◆ **What this task involves**
Each line with the string "Drive" is to be copied from the records below.
━━━
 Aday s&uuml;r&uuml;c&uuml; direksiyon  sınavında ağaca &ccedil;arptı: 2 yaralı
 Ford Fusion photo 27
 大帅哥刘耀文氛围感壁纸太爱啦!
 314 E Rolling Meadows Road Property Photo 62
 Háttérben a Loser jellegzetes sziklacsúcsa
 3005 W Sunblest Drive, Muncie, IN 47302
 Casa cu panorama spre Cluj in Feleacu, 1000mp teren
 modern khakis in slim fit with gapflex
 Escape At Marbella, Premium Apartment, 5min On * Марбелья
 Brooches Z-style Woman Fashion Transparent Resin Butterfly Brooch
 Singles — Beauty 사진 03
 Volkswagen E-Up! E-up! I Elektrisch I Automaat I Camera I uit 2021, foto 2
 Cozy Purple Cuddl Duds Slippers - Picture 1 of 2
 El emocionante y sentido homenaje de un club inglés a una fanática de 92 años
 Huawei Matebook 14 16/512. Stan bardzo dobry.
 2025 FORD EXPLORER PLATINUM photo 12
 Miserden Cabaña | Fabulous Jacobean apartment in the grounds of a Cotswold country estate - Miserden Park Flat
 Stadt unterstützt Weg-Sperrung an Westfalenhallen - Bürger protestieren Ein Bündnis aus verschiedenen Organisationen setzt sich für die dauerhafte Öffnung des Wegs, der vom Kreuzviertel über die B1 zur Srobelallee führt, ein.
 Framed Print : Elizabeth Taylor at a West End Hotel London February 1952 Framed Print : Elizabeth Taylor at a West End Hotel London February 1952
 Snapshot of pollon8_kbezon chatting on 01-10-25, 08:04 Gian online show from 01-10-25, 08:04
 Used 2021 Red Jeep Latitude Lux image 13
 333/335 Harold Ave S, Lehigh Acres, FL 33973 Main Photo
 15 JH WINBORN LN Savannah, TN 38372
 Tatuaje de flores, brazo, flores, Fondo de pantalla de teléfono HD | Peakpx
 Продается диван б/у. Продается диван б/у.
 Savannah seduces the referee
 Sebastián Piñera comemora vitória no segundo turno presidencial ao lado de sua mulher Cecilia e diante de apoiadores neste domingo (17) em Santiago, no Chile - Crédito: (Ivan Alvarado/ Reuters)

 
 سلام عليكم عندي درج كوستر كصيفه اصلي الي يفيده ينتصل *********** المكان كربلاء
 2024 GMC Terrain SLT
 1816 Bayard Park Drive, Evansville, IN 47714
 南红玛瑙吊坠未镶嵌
━━━
◆ **Result below**
 3005 W Sunblest Drive, Muncie, IN 47302
 1816 Bayard Park Drive, Evansville, IN 47714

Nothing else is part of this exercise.